Tea, Titles & Tiaras with Emily Darlow

A week of milestones and mundane magic the King on the red carpet at the Royal Albert Hall, the Sussexes at Disneyland, Kate in a vintage hat, William ordering pie and chips like the rest of us, and a school decision that has had royal watchers in a frenzy all week. Let’s get into it.

Half a Century of Changing Lives: The King’s Trust at 50

On Monday, King Charles and Queen Camilla hit the red carpet for the best possible reason – a celebration fifty years in the making.

The King’s Trust, which Charles founded in 1976 with a £7,500 severance cheque from the Royal Navy, marked its half century with a glittering evening at the Royal Albert Hall in London, hosted by national treasures – comedians, Ant and Dec. The King, looking genuinely delighted, told the duo on arrival that it had been “a long time” since he’d seen them, and remarked they hadn’t aged a day. Ant ever reliable replied that he had “a lot of makeup on.”

The guest list was extraordinary: George and Amal Clooney led the A list arrivals, with Amal glowing in gold; Rod Stewart, Jools Holland and Rita Ora performed; and the room also included Idris Elba, Benedict Cumberbatch and Lily Collins. Camilla looked magnificent in a navy lace cocktail dress by Fiona Clare and a Dior magenta cape, finished with a stunning diamond serpent necklace more on that later.

But the real heart of the evening was what the evening stood for. Since its founding, the Trust has helped over a million young people across the UK, with three in four of those supported in the last five years moving into employment, education or training. Charles reflected on this with characteristic modesty, saying it had been “quite difficult to get it off the ground in the first place, but we did.” When Rod Stewart told him he had “put that little rat bag in his place” a reference to the US state visit and Trump Charles smiled, presumably with the practised calm of a man who has been smiling through difficult comments for seventy-seven years.

Camilla’s serpent necklace, if you were as mesmerised by it as I was: a diamond serpent coiled dramatically at the neckline, paired with amethyst and diamond drop earrings. Serpent jewellery has a long history in the royal family Queen Victoria famously wore a serpent engagement ring and Camilla wearing it at a celebration of her husband’s greatest lifelong achievement felt like rather a good choice.

The American Royals Celebrate at Disneyland

On Sunday, the Sussex family celebrated Mother’s Day and two birthdays Archie turned seven on May 6, and Lilibet turns five on June 4 with a trip to Disneyland in Anaheim that Meghan shared on Instagram in the sweetest series of photographs.

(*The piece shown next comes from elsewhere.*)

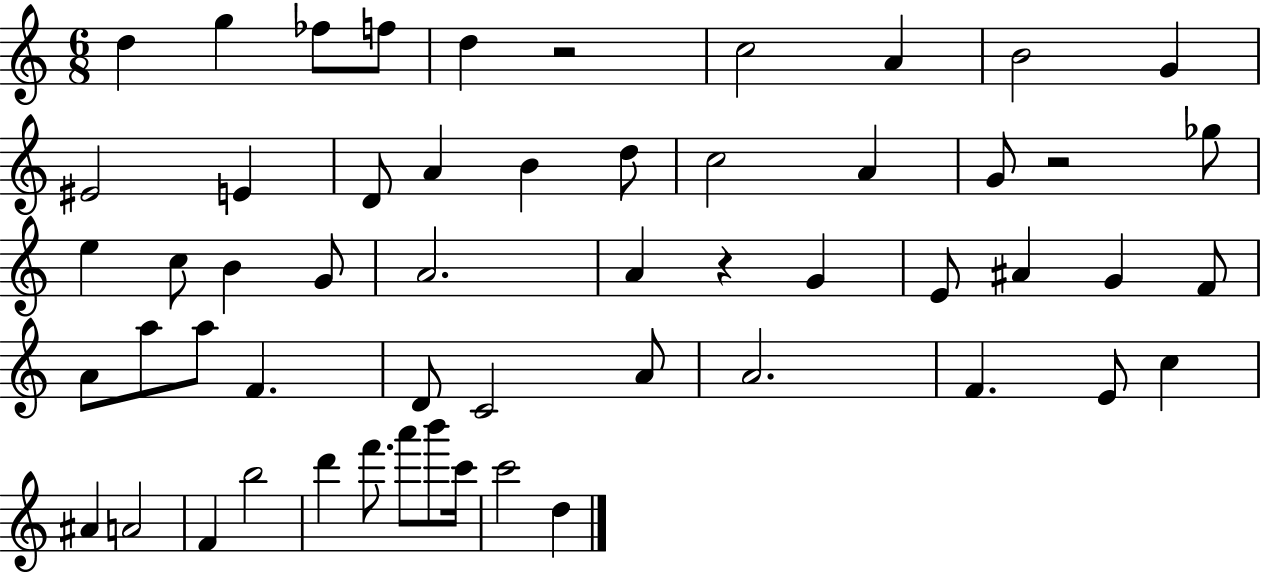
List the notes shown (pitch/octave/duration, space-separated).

The images showed the whole family in Mickey Mouse ears, Meghan and Doria Ragland coordinating in white and beige, Lilibet in a floral dress, Archie in a black shirt and blue jeans that matched his father’s. Lilibet was photographed hugging Cinderella tightly. Archie was photographed hiding behind a pillar while his mother watched, laughing. And the final slide showed Meghan and Harry looking at each other with the ease of two people who are, genuinely, quite happy. Meghan simply captioned it with a heart emoji.

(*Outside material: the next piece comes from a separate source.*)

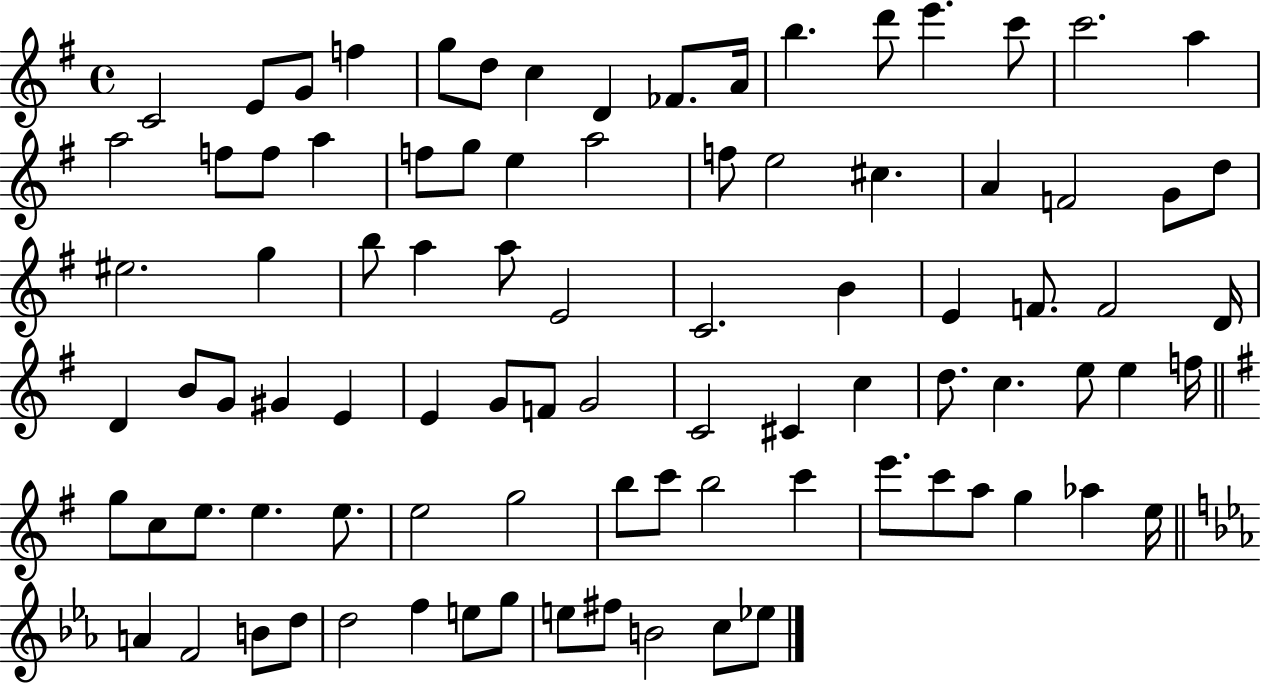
C4/h E4/e G4/e F5/q G5/e D5/e C5/q D4/q FES4/e. A4/s B5/q. D6/e E6/q. C6/e C6/h. A5/q A5/h F5/e F5/e A5/q F5/e G5/e E5/q A5/h F5/e E5/h C#5/q. A4/q F4/h G4/e D5/e EIS5/h. G5/q B5/e A5/q A5/e E4/h C4/h. B4/q E4/q F4/e. F4/h D4/s D4/q B4/e G4/e G#4/q E4/q E4/q G4/e F4/e G4/h C4/h C#4/q C5/q D5/e. C5/q. E5/e E5/q F5/s G5/e C5/e E5/e. E5/q. E5/e. E5/h G5/h B5/e C6/e B5/h C6/q E6/e. C6/e A5/e G5/q Ab5/q E5/s A4/q F4/h B4/e D5/e D5/h F5/q E5/e G5/e E5/e F#5/e B4/h C5/e Eb5/e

Doria was the star with Mickey Mouse ears on, receiving a kiss on the cheek from her daughter in the opening shot, and later in a video where Mickey Mouse dropped to one knee to kiss the grandmother’s hand as Meghan laughed. It was impossibly charming.

The trip also served as an early celebration for Archie’s seventh birthday.  Meghan posted two birthday photos of him: one of a newborn Archie sleeping on Harry’s chest, and another of Archie and Lilibet walking together on the beach. “7 years later… happy birthday to our sweet boy,” she wrote. It is a tradition Meghan has clearly embraced matching the Wales family’s birthday photo practice with her own warm, California sunshine version of it.

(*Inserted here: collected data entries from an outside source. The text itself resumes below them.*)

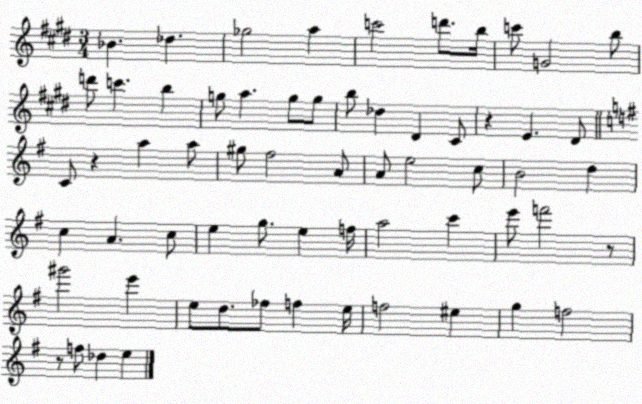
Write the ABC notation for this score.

X:1
T:Untitled
M:3/4
L:1/4
K:E
_B _d _g2 a c'2 d'/2 b/4 c'/2 G2 b/2 d'/2 c' b g/2 a g/2 g/2 b/2 _d ^D ^C/2 z E ^D/2 C/2 z a a/2 ^g/2 ^f2 A/2 A/2 e2 c/2 B2 d c A c/2 e g/2 e f/4 a2 c' e'/2 f'2 z/2 ^g'2 e' e/2 d/2 _f/2 f e/4 f2 ^e g f2 z/2 f/2 _d e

Garden Party Season is Upon Us and Kate’s Hat is Already a Moment

Garden party season has officially begun at Buckingham Palace, and this week gave us two of them: King Charles hosted one on Wednesday, and on Friday the Prince and Princess of Wales took over hosting duties alongside the Duke and Duchess of Edinburgh and Zara Tindall.

Kate, as ever, was the focal point and her outfit was genuinely inspired. She wore a custom cream Self Portrait blazer dress with a polka dot pleated skirt, finished with a vintage Mitzi Lorenz hat cream with black flowers and black mesh detail that had been purchased from Albion Vintage Hat Shop in London for £135. She paired it with Queen Elizabeth’s Bahrain Pearl Drop Earrings and a pearl bracelet that belonged to Princess Diana. Three generations of royal women in one garden party outfit. It was beautiful.

Sophie, Duchess of Edinburgh, wore a Roland Mouret light blue bow knit dress and a Jane Taylor hat, while Zara Tindall chose a vibrant blue Leo Lin dress and a Sarah Chant hat. The Wales women love a coordinated blue moment, and this was a fine one.

The parties celebrate public service guests who are connected to royal patronages, military affiliations and personal causes. William was spotted in a particularly warm reunion with Rhian Mannings, founder of the charity 2 Wish Upon a Star, which supports families who have lost children to sudden death. It was a reminder that behind all the hats and the lawn, the point of these afternoons is very human indeed.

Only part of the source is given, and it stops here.